Si è concluso con pesanti condanne lo stralcio per gli imputati che hanno scelto il rito abbreviato nel processo Gotha. Il gup Pasquale Laganà ha praticamente accolto le richiesta del procuratore aggiunto Giuseppe Lombardo e dei sostituti Stefano Musolino e Walter Ignazitto e ha riconosciuto non solo l’esistenza dell’associazione mafiosa ma anche di un’associazione segreta, capace di infiltrarsi negli enti locali

Ha retto l’impianto accusatorio del processo Gotha. A Reggio Calabria non c’è solo la ‘ndrangheta ma anche un direttorio delle cosche che risponde, tra gli altri, al nome dell’avvocato Giorgio De Stefano. Si è concluso con pesanti condanne lo stralcio per gli imputati che hanno scelto il rito abbreviato. Il gup Pasquale Laganà ha praticamente accolto le richiesta del procuratore aggiunto Giuseppe Lombardo e dei sostituti Stefano Musolino e Walter Ignazitto e ha riconosciuto non solo l’esistenza dell’associazione mafiosa ma anche di un’associazione segreta, capace di infiltrarsi negli enti locali dettandone gli indirizzi politici.
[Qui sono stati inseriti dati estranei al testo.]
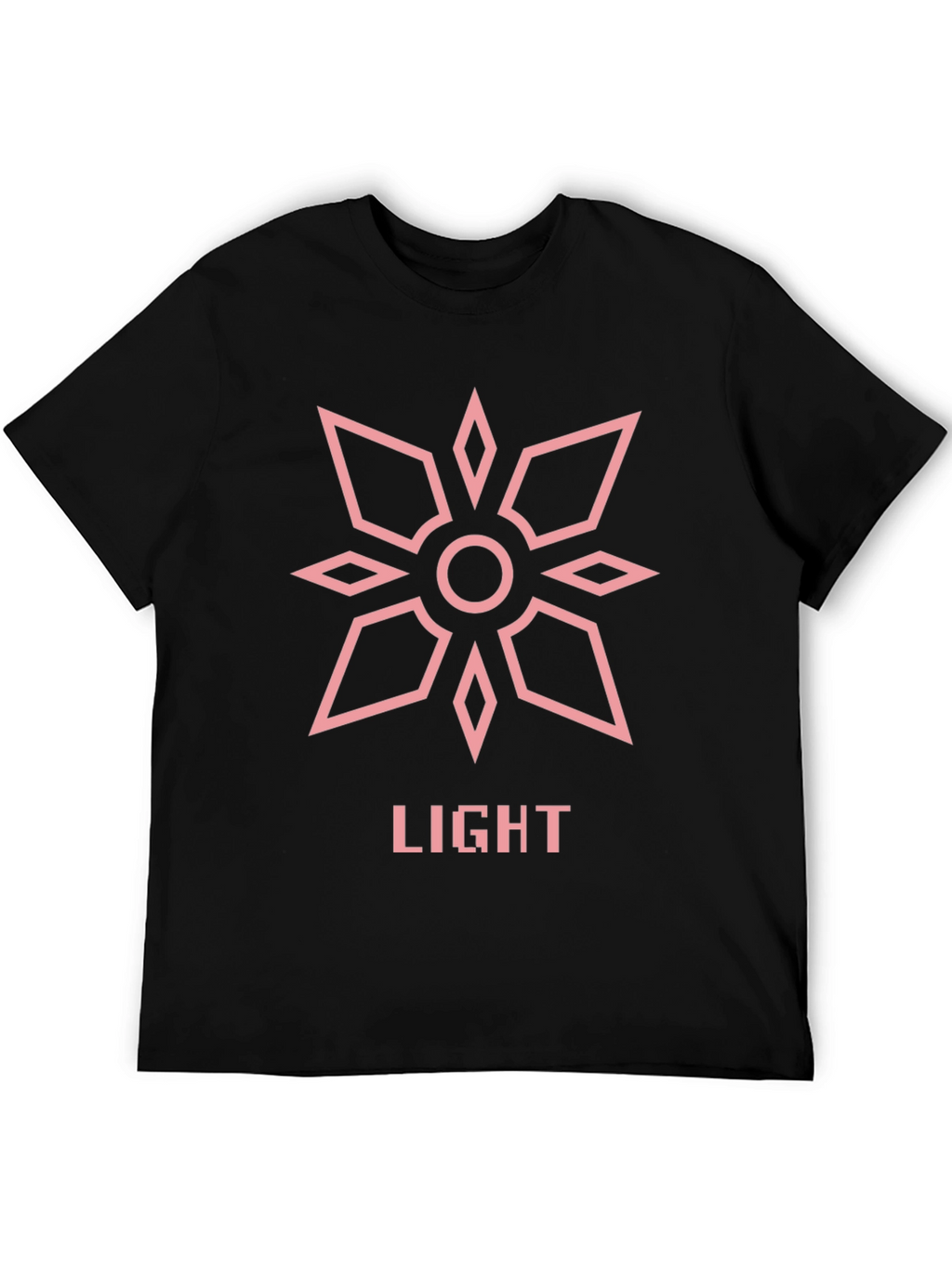Light Crest T-Shirt - Black Graphic Tee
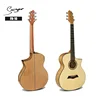 OEM Cheap price 40inch sharp cutaway catalpa wood Folk guitar acoustic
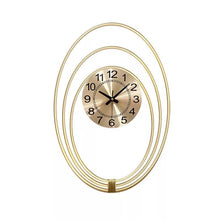 Load image into Gallery viewer, Fancy golden metal wall clock
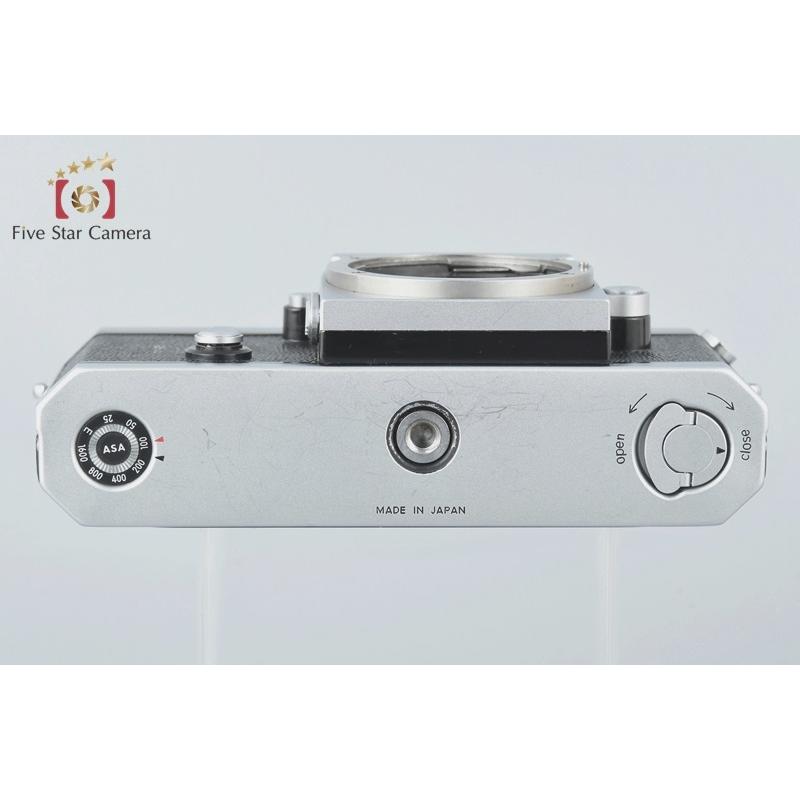 Nikon - 【中古】(ニコン) Nikon Fアイレベル・中期(シルバー) 中古】(ニコン) Nikon F(640) アイレベル シルバー｜ナニワ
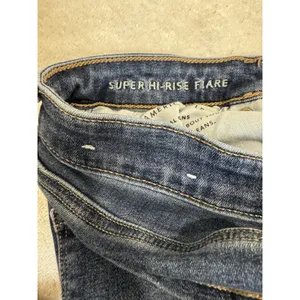 American Eagle Hi Rise Stretch Bootcut Flare Jeans Women's 14x29 Blue Dark Boho thumbnail 12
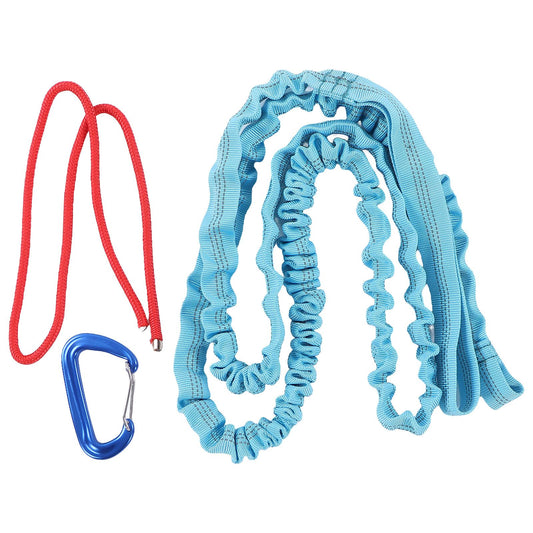 Bicycle Tow Rope Wear Resistant Shock Absorption Resilient Practical Tow Leash with Buckle Compatible with V1294-YM0523-3117220010911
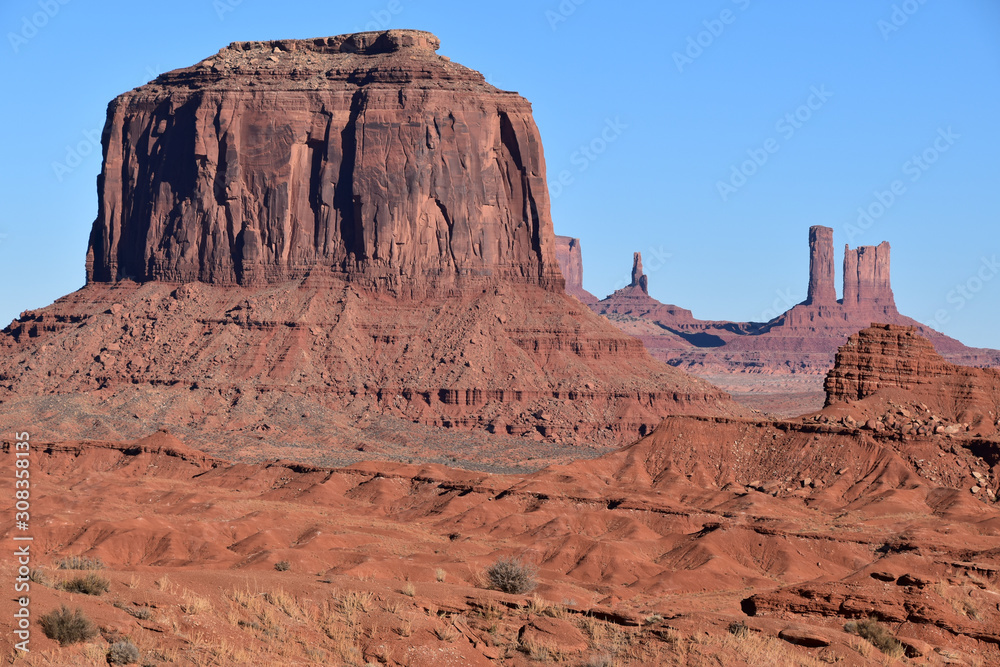 Fototapeta premium Unique landscapes in Monument Valley tribal park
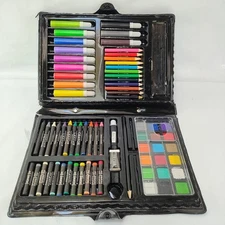 Creatology Art Set 80 Pieces Paint Markers Pencils Crayons Kit Artistic Drawing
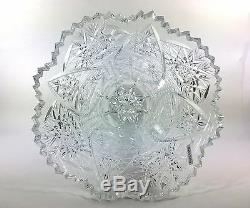 Signed Cut Crystal Vase Buttons and Daisies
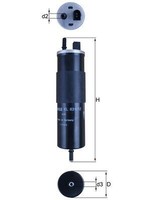 Mahle Kraftstofffilter FüR Volvo V40 SchräGheck Cross Country 526 D4 D2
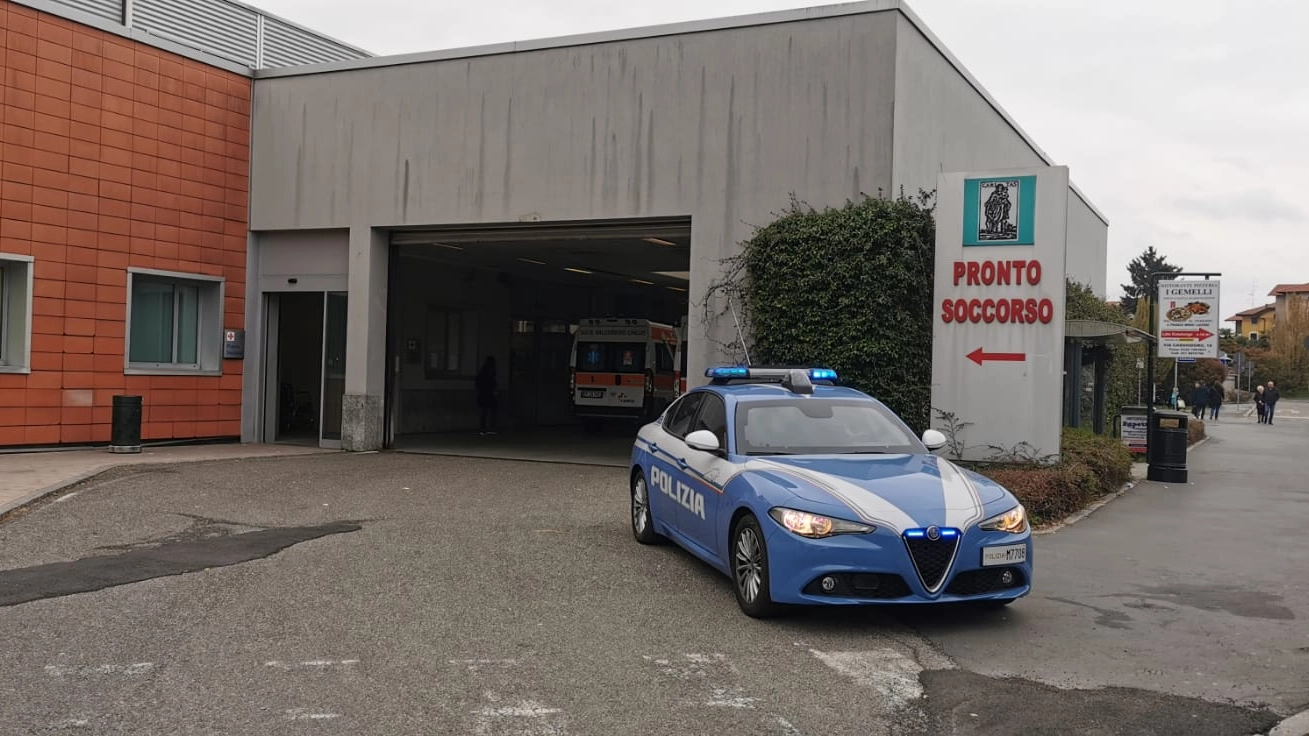 Polizia all'ospedale di Circolo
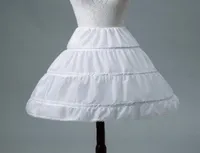 Bambini bianchi in sottovesti corta per abbigliamento da ragazza a fiorire accessori per matrimoni ragazze bambini crinoline underkirt8372867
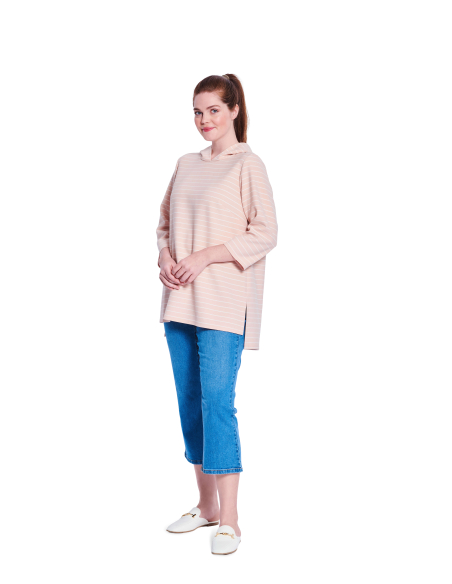 Patron Burda 5651 - Robe t-shirt et sweat à capuche femme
Il processo Gotha, nato dalla riunione delle inchieste Mamma Santissima, Reghion, Fata Morgana e Sistema Reggio, si è concluso quindi con la condanna a 20 anni di carcere per l’avvocato Giorgio De Stefano, zio del boss Giuseppe De Stefano, già condannato nel processo Meta. Al fratello di quest’ultimo, Dimitri De Stefano, rampollo della cosca e da sempre salvaguardato dalla potente famiglia mafiosa, sono stati inflitti 13 anni e 4 mesi di carcere. Frequentatore di calciatori e della Reggio bene che per anni lo ha difeso nei salotti buoni della città, Dimitri è il figlio del defunto don Paolino De Stefano, capo indiscusso di Archi fino al 1985 quando è stato ucciso all’inizio della seconda guerra di mafia.

Il procedimento, nato dalle inchieste dei carabinieri del Ros, della guardia di finanza e della polizia, è il primo maxi-processo alla cupola della ‘ndrangheta dai tempi dell’operazione Olimpia. Complessivamente sono 28 le condanne e 10 assoluzioni per gli imputati di questo stralcio. Alla sbarra c’era il “direttorio” della ‘ndrangheta, una struttura con una strategia programmatica che puntava ad alterare “l’equilibrio degli organi costituzionali”. Un direttorio che, stando all’impostazione della procura, aveva due teste pensanti: gli avvocati Paolo Romeo (ex parlamentare del Psdi che ha scelto il rito ordinario assieme al senatore di Gal Antonio Caridi) e Giorgio De Stefano. Entrambi vengono definiti dalla Direzione distrettuale antimafia come “soggetti cerniera che interagiscono tra l’ambito ‘visibile’ e quello ‘occulto’ dell’organizzazione criminale”.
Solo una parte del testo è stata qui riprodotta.